THE INTERNET IS DOOMED until European businesses and organisations begin to move towards IPv6, according to Neelie Kroes, VP of the European Commission responsible for the Digital Agenda.

Kroes was speaking at the German IPv6 summit, and naturally IPv6 and moves towards it were the theme of her speech.

"We are starting to see very close ahead of us the consequences if we don't make the switch to IPv6," she warned, presumably to a very receptive audience.

Kroes said that the internet is growing in use, which we have heard before, and warned that we will soon run out of space, and again this is something that we have heard before.

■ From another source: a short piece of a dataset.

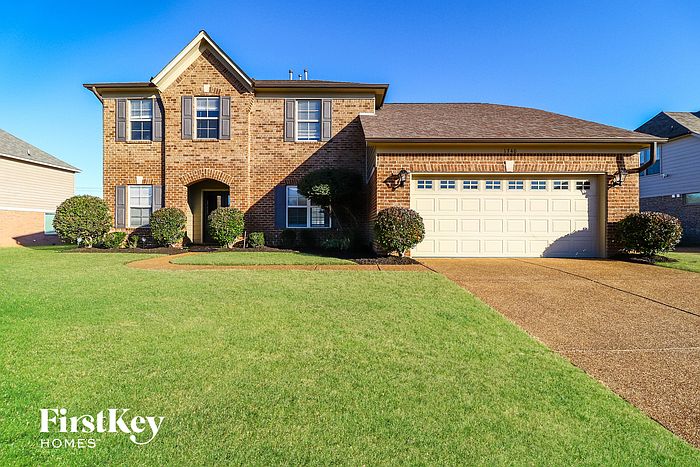 1st image of 1340 Chrysalis Ln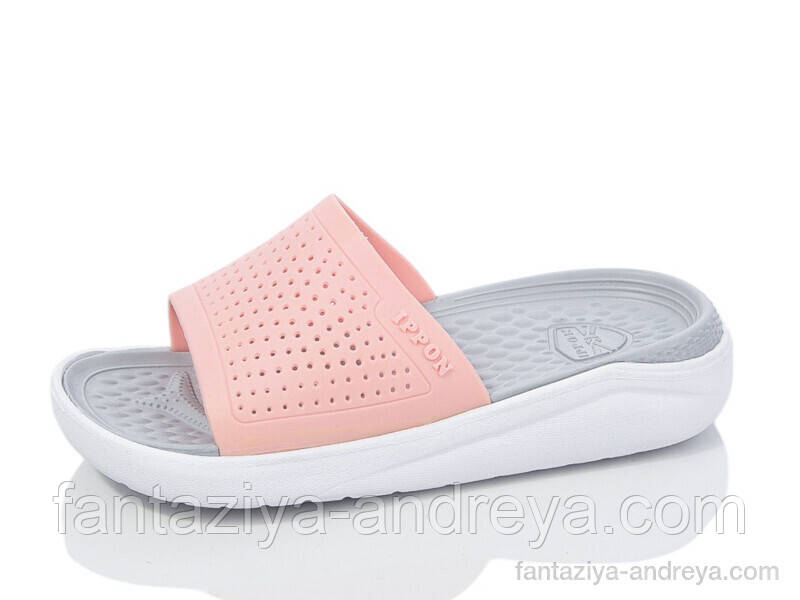 Сланці дитячі Luck Line 28-35р., фото 1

"More people online; more ways of getting online; more applications and devices online. All these developments put greater demands on our networks, and require ever higher performance from them," she said.

"The Internet cannot adjust to these developments, cannot continue to grow and function properly, without sufficient IP addresses."

Pretty scary stuff if you were there, by the sounds of it, and attendees were plunged into a nightmarish vision of a cramped internet.

"Imagine for a moment that no more IP addresses were available; imagine how that would cramp the development of this global resource," she said. "Well, if we don't make the change to IPv6, you may not have to imagine for very long: in Europe, total depletion of IPv4 addresses is just around the corner. The solution is to have a larger address space, now. And that means IPv6!"

Moving on to IPv6 is important for the EC and is a priority of its Digital Agenda plans for increasing local internet adoption and use. Although the EC has backed the protocol since 2002, and supports it, uptake elsewhere remains, "slow, too slow," she added.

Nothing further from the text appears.